When it comes to supporting our injured workers, we acknowledge that cultural change is needed at a whole-of-government level. In effect, the way we do things needs to be recalibrated so that the current practice of agency responsibility to find suitable employment is remodelled into a whole-of-service approach. We invest significantly in our public service workforce to ensure they are appropriately trained and capable of meeting the needs and demands of our community. We cannot afford, on both a social and economic level, to have our valued workers injured and then unable to return to work.

There will be a transformation in the way the ACT public sector manages the rehabilitation and support of its injured workers in the next 12 months, culturally and legislatively, with the ability to better control the outcomes for our injured workers.

The government’s decision to leave Comcare is a significant social reform initiative that we are committed to and I look forward to reporting to the Assembly on the development of a new scheme in the coming months.

MR RATTENBURY (Molonglo) (5.17): I rise to talk about the government’s transport reform agenda, which is contained within the Chief Minister’s economic development directorate. The Chief Minister and I are leading this agenda, myself specifically in the recently created portfolio of minister assisting on transport reform.

The transport reform portfolio recognises that transport challenges and transport opportunities are integral to how our city grows and develops into the future. Our approach to transport is intertwined with city planning, with its economy, with its sustainability and with its social fabric. An integrated transport network—such as, for example, a light rail system that integrates well with buses or good pedestrian and bike networks that link people into public transport—has a vast impact on the way a city works and the way people can live in that city.

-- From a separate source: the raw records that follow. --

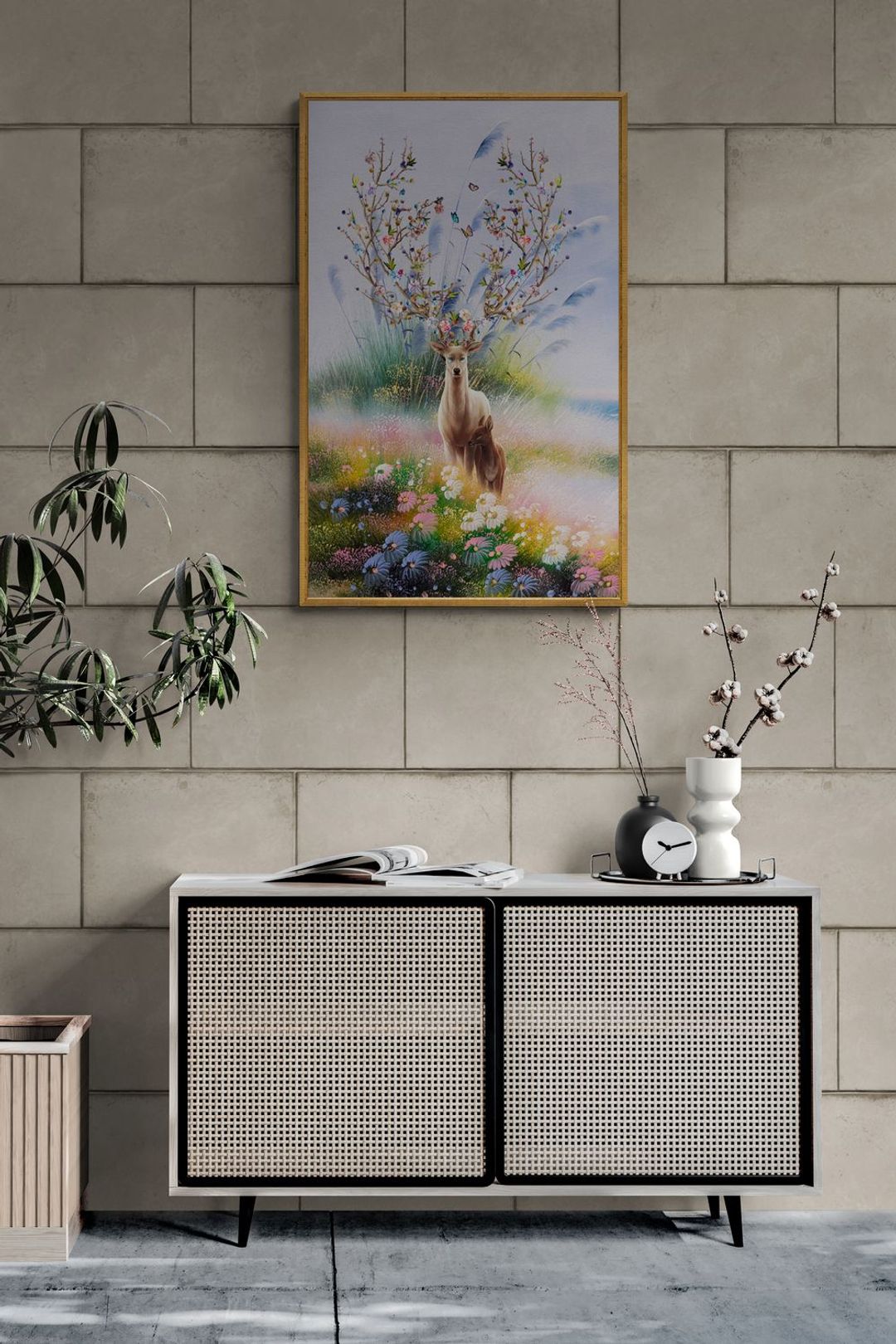 hallway-with-cabinet-and-large-plant__09.jpg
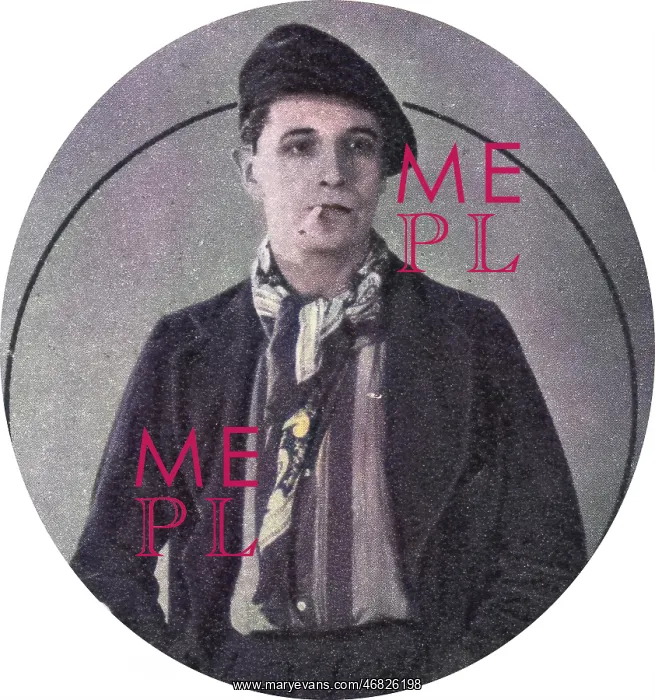 : Ivor Novello in The Return of the Rat (1929) : Ivor Novello in The Return of the Rat (1929)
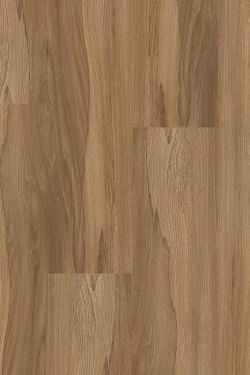 MARSH WOOD - LVT FLOORING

To ignore that is to condemn Canberra and Canberrans to a bleak future. Unfortunately, that is what I see from the Liberal Party in this place—an obsessive focus on short-term politics, basely trying to undermine the capital metro project and at the same time ignoring all of the actual challenges that need to be addressed for the future of Canberra.

As an example, Mr Hanson literally said these words this morning: “Any objective look at light rail shows the project does not stack up.” In fact, the opposite is true. An objective look at light rail, like the business case undertaken to best practice standards by world-leading experts, shows that the project does stack up. It is only the subjective analyses that attempt to say it does not stack up. Mr Hanson is a subscriber to that approach.